Первое движение – самое благородное. Дошедшие до последней черты люди, невзирая на стыд, стучались в любые двери, просили, плакали, умоляли. И застигнутые врасплох соседи, такие же истощенные, не всегда готовые поделиться с другими, старались что-то им дать, пусть и немного. А нередко и прямо предлагали помощь без просьб – ни отвернуться, ни пройти мимо не могли. Соседка В. Кулябко, узнав, что у него мало еды, принесла ему 300 гр. хлеба и пачку риса-сечки. «Недалекий, но добрый она человек», – записал В. Кулябко в дневнике 17 сентября 1941 г.[1222].

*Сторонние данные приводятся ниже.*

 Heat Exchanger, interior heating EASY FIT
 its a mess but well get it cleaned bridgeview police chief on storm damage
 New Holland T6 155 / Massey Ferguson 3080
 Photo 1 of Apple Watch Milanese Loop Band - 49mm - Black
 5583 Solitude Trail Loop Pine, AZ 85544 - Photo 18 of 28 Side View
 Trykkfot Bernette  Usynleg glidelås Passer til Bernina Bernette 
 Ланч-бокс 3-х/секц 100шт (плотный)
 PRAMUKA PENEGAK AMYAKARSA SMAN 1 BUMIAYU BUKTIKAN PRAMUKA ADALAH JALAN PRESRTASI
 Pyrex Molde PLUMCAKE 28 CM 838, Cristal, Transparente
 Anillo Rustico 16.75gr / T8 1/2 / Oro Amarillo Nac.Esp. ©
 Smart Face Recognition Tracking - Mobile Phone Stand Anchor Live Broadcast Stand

Сколько же держалось на этих «недалеких» людях, жалостливых, не умеющих ловко увернуться от просящего взгляда и тут же, в первую минуту, растерянно ищущих, чем бы помочь! Могут возразить, что в сентябре 1941 г. и голода еще не было – но ведь то же мы наблюдаем и позднее. «Все было. И с соседями сухарями делились – последний кусок пополам, а видит, плохо человеку, так и совсем все отдаст», – вспоминала Р. В. Машукова[1223]. Это не патетический возглас, обычный для блокадников, говорящих о прошлом и желающих видеть его в нарочито облагороженном виде. Вот история «выморочной» квартиры: умерла женщина, ее муж, обессилевший от голода, лежит рядом с ней и не может отодвинуться. Описание соседки, помогавшей ему, нескладно и прерывисто – это верный признак испытанной ею горечи и волнения: «И вот мама следила, чтобы огонек был, чтобы он лежал, то… кипяточек разогревала и горячий ему поила»[1224]. Чувство жалости многое объясняет и в поступках другой блокадницы. К ней в квартиру вселили из разбомбленного дома женщину с двумя детьми – и по сбивчивому рассказу мы отчасти поймем, почему оказывалось неистребимым милосердие: «Три года мальчонка был и девчушечка еще, совсем маленькая девчушечка… Я вот начинаю печь эти штучки [лепешки из овса. – С. Я.], он придет в комнату, смотрит: „Пети, пети“– лепешку так называет, и вот я ему эти лепешки, лепешки и этого мальчонку тоже подкармливала. Просто я прямо не могла…»[1225].